I just uploaded 0.3 of my ezesdk which includes a 'large' FFT sample (i.e. something that can't fit on-chip). After building the sdk, go to samples/fft and run make to build it. Run it using sudo ./fft -r rows -c cols (make sure you don't specify more than 4 for either) and as it hardcodes the platform file it only works on a parallella-16. I'm not using the parallella sdk because it's just ... well it's just not much fun to work with, but it means i don't know if this stuff works anywhere but my (rev0) system.
The sample implements a forward complex fft for 2^20 elements by breaking it into steps of 1024 which fits into LDS and allows the fft to be calculated using two passes through external memory.
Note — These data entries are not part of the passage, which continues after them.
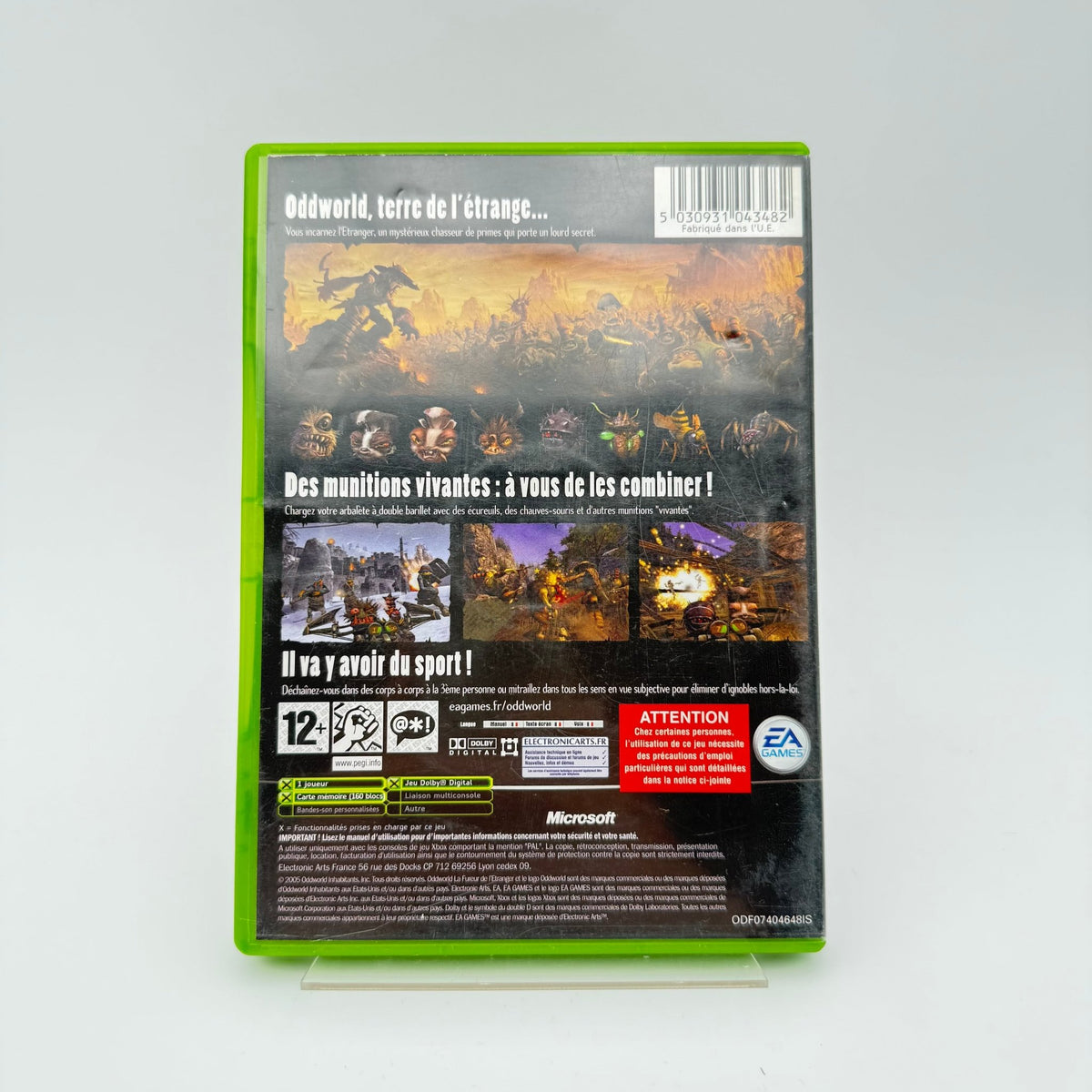 ODDWORLD LA FUREUR DE L’ETRANGER - XBOX - Strike Games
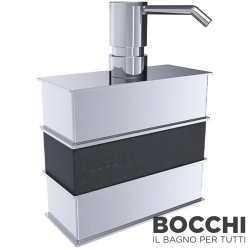 Bocchi - BOCCHI Lusso Sıvı Sabunluk (Tezgah Üzeri), Krom - Siyah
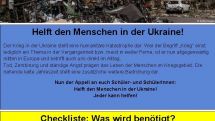 Spendenprojekt der SV: Hilfe für die Ukraine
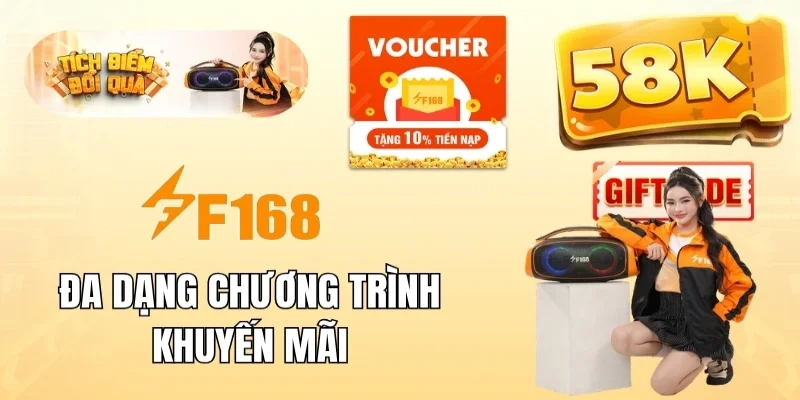 Hệ thống khuyến mãi F168 đa dạng cho hội viên Hệ thống khuyến mãi F168 đa dạng cho hội viên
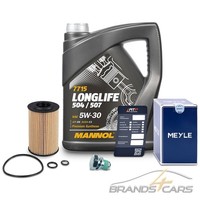 Meyle ÖLfilter +5L 5W-30 MotorÖL FÜR Audi A3 Seat Skoda Vw Golf 6 Touran 2.0 Tdi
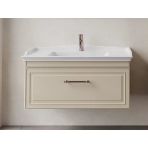 Denko Era 100 Cm (Bej) Banyo Dolabı (Alt Modül Lavabo)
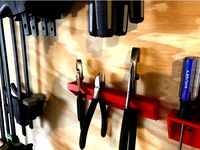 Wall Mountable Pliers Holder by ddpruitt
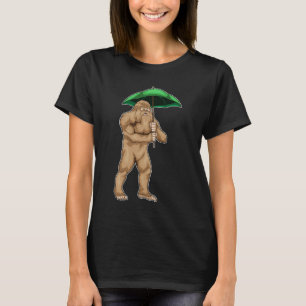 Camiseta Paraguas de Bigfoot Halloween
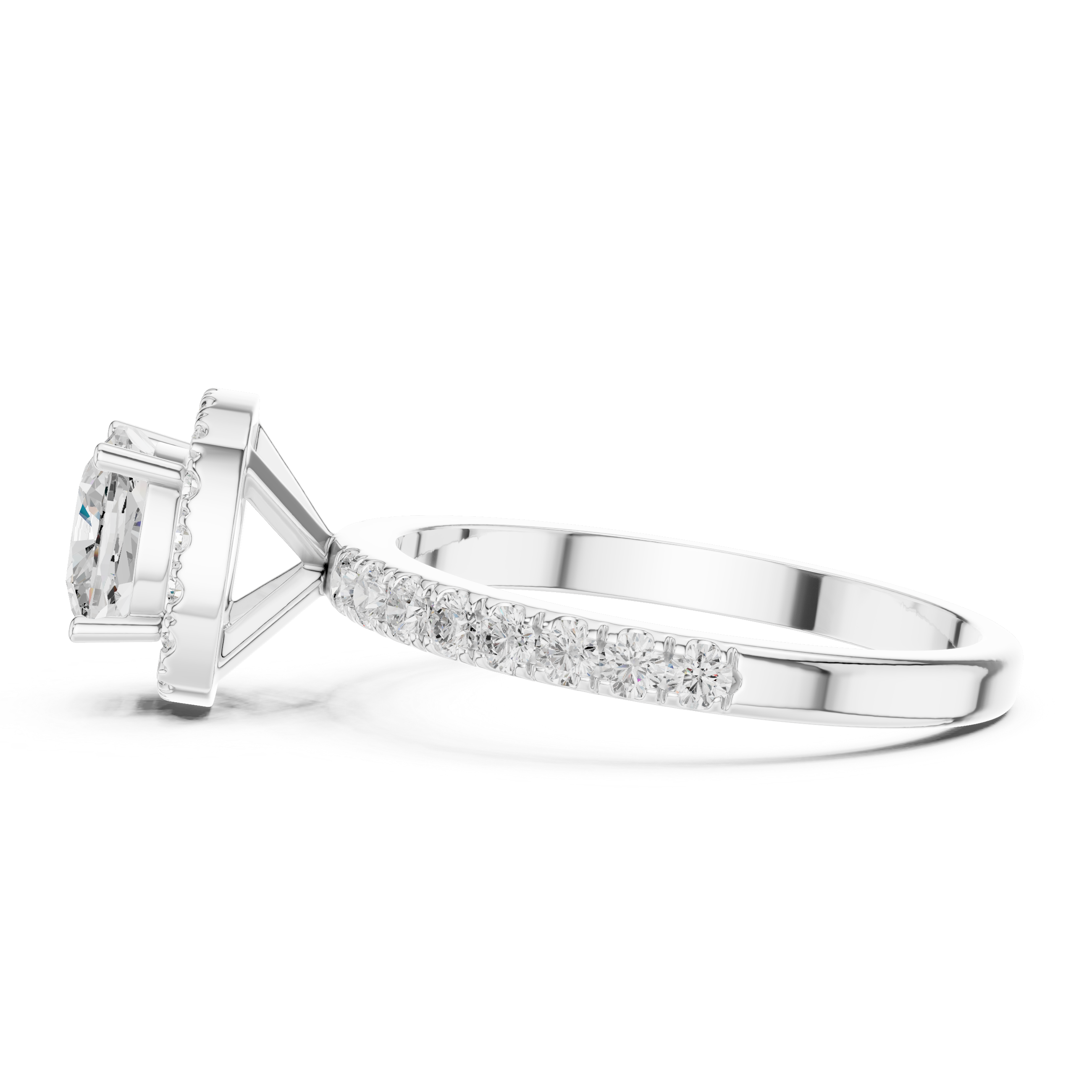 Stylish Y-shaped necklace featuring dangling central element.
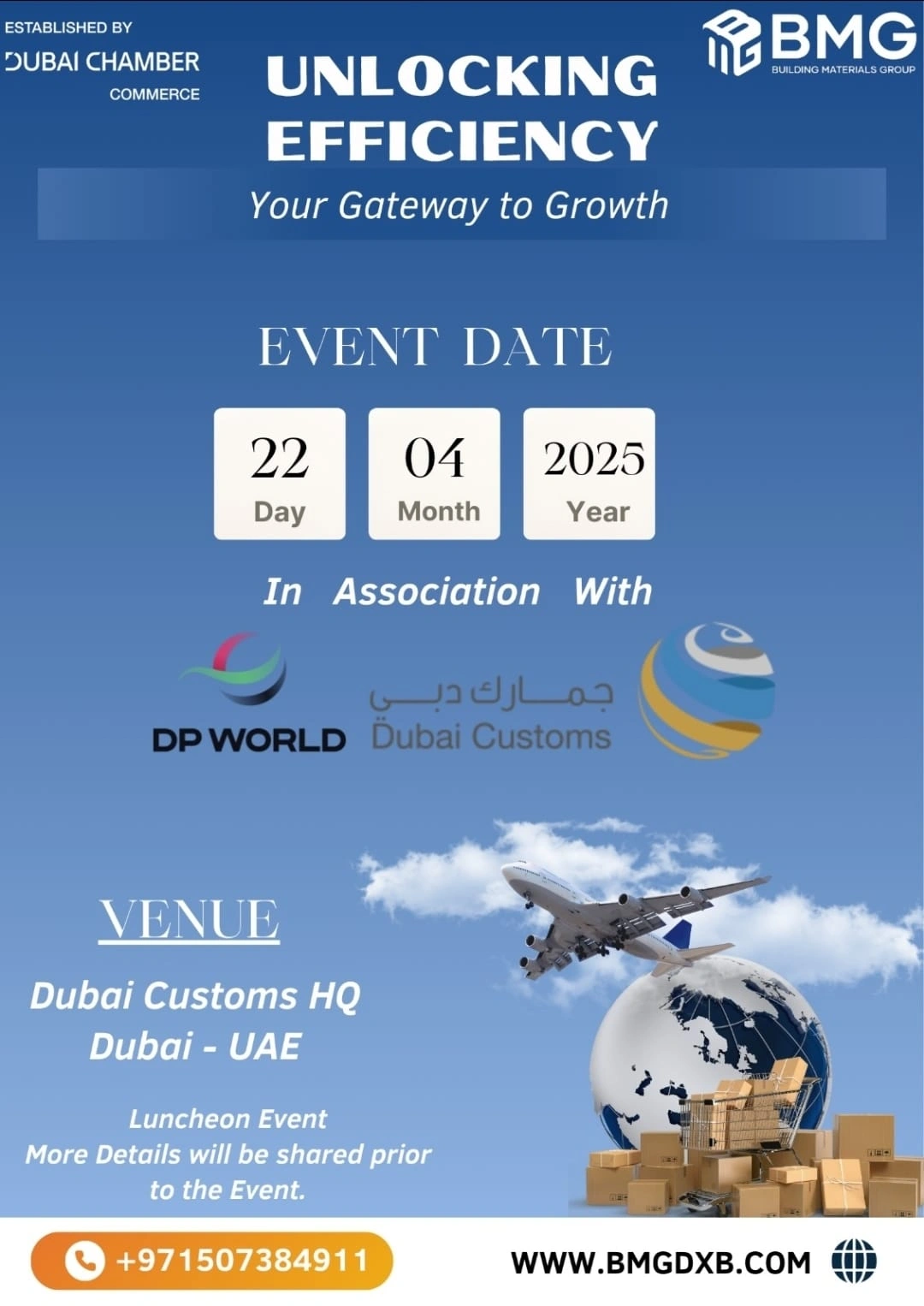 UNLOCKING EFFICIENCY – YOUR GATEWAY TO GROWTH IN ASSOCIATION WITH DP WORLD & DUBAI CUSTOMS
It needs to operate out-of-place.
Even with synchronous dma transfers, calculating the twiddle factors on-core, and a not particularly sophisticated radix-4 inner loop, memory bandwidth is the limiting factor beyond 4 cores being active (it's already limiting beyond 2).
http://a-hackers-craic.blogspot.com.au/ ... inary.html
http://www.users.on.net/notzed/software/ezesdk.html
Given memory is the bottleneck, the only thing I can think of to get more performance is to serialise (and group where possible) the dma writes to get a bit more bandwidth. Unless i'm missing something and there's a way to get away with a single main memory pass.
knew i should've left it till tomorrow. the fft stuff in 0.3 is broken as i checked in some experiments, 0.3.1 coming soon.